__Data__.
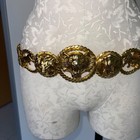 Vintage Womens Chain Belt One Size Metal Tiger Lion Elephant Head Waist Hip Rare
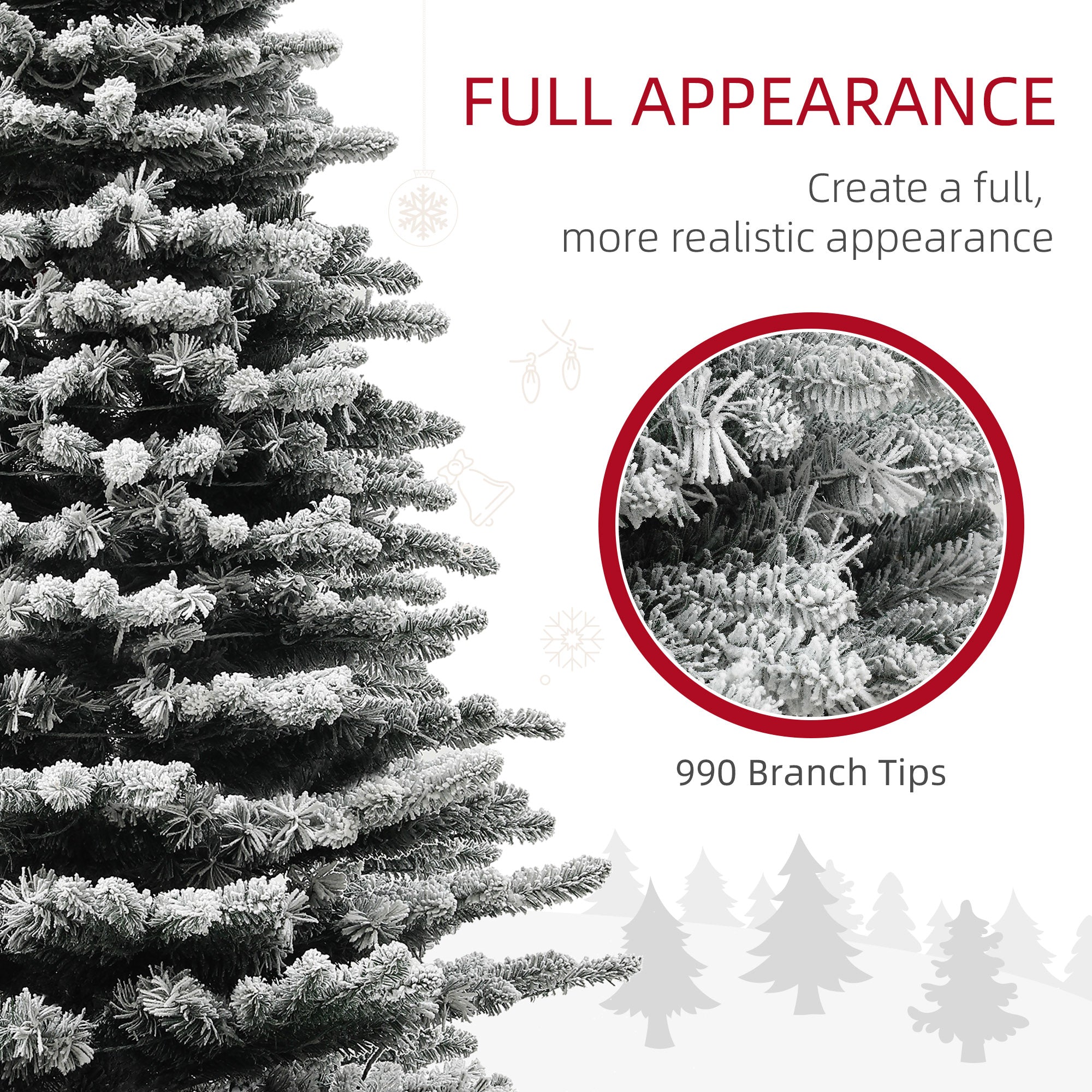 HOMCOM 6.5 Ft Pre-Lit Mountain Pine Artificial Christmas Tree, Snow Flocked Christmas Tree, Hinged Xmas Tree With 400 LED Lights And 990 Branch Tips For Holiday Party Decoration, Green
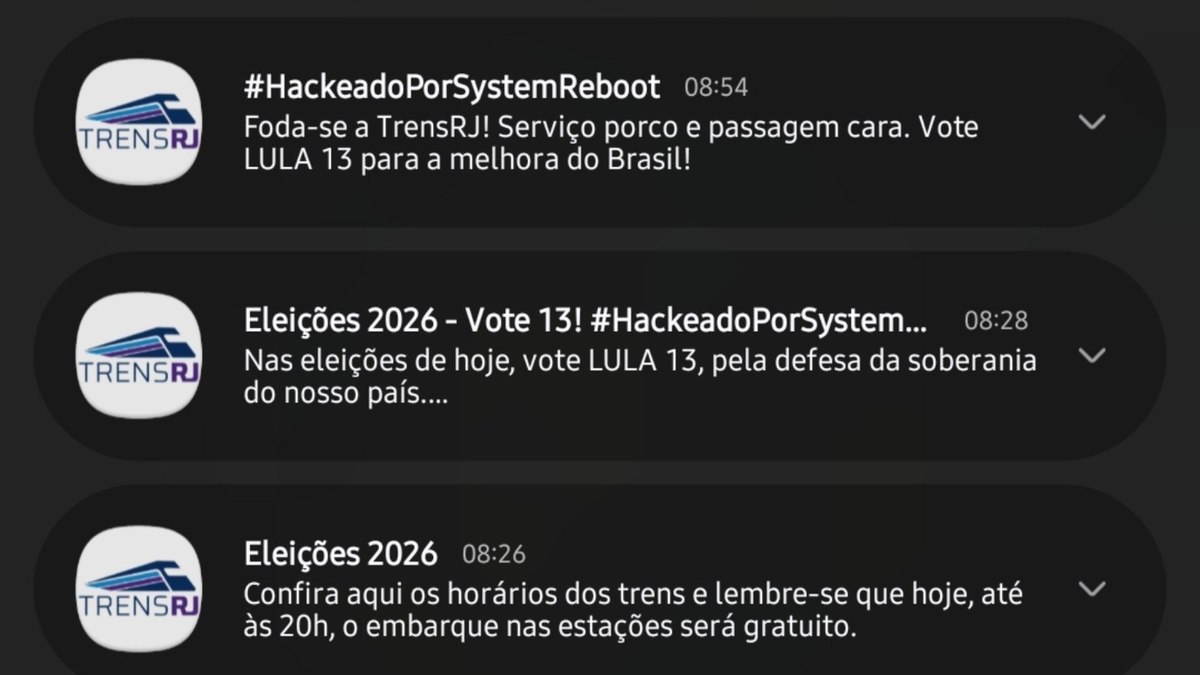 Aplicativo da TrensRJ é atacado e dispara mensagens políticas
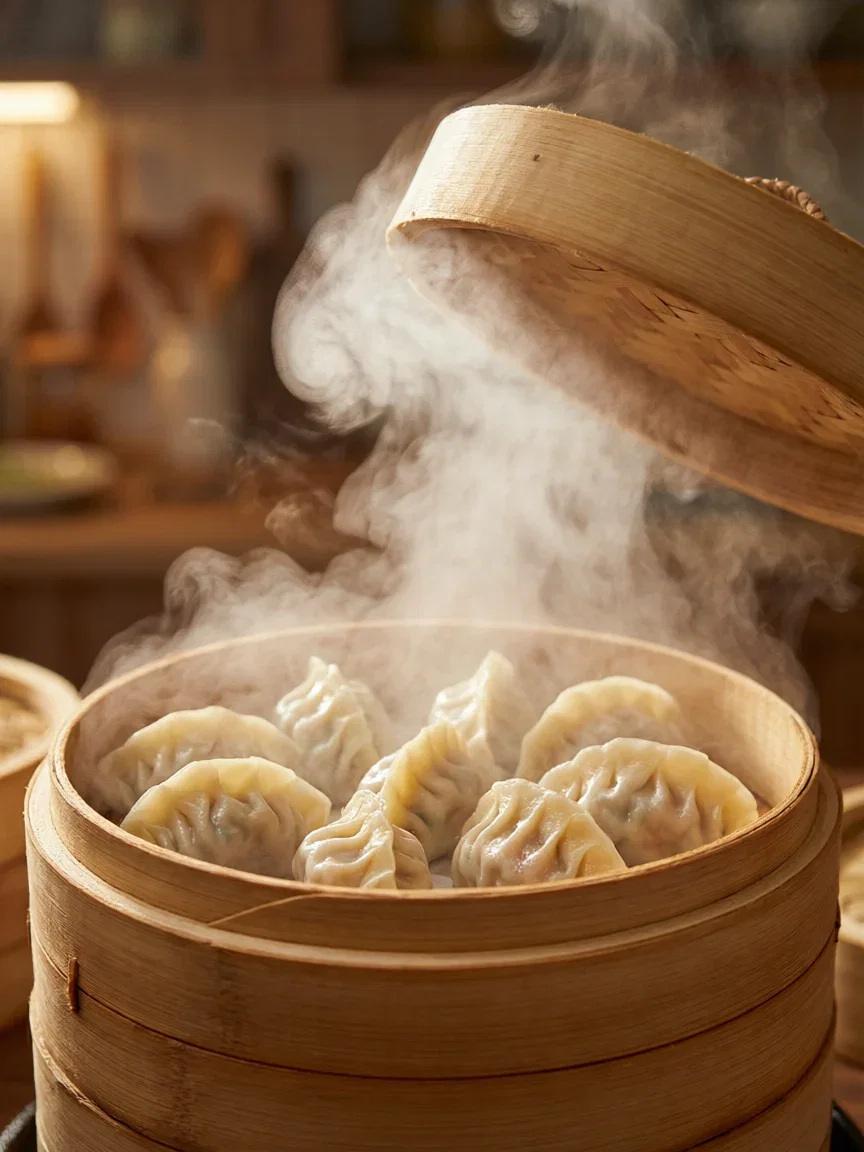 Bamboo steamers opening with a burst of steam over dumplings, generated with Qwen Image 2.0 Pro on FluxoKit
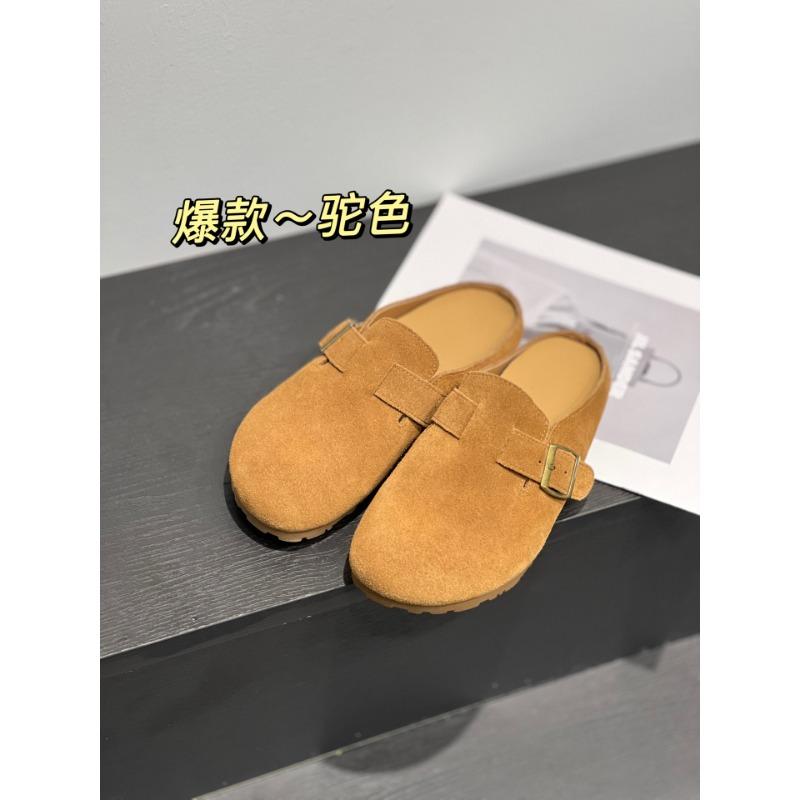 Retro baotou half-drag women wear autumn new comfortable lazy shoes thick-soled inner height-increasing slippers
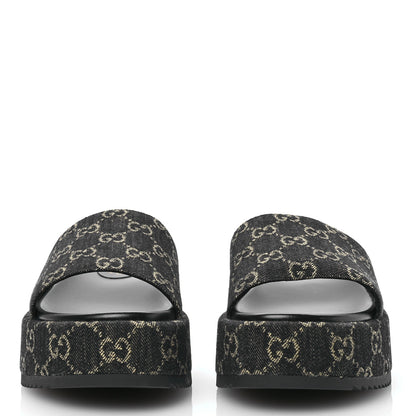 Gucci Jacquard Black Denim GG Monogram Angelina Platform 55mm Slide Sandals 40 Black Ivory 2 of 9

__Exercise objective__. Please reproduce exactly and only the lines from the first line of the records through the line containing "Bamboo steamers opening", both included, omitting any pictures.

__Written solution__.
 Vintage Womens Chain Belt One Size Metal Tiger Lion Elephant Head Waist Hip Rare
 HOMCOM 6.5 Ft Pre-Lit Mountain Pine Artificial Christmas Tree, Snow Flocked Christmas Tree, Hinged Xmas Tree With 400 LED Lights And 990 Branch Tips For Holiday Party Decoration, Green
 Aplicativo da TrensRJ é atacado e dispara mensagens políticas
 Bamboo steamers opening with a burst of steam over dumplings, generated with Qwen Image 2.0 Pro on FluxoKit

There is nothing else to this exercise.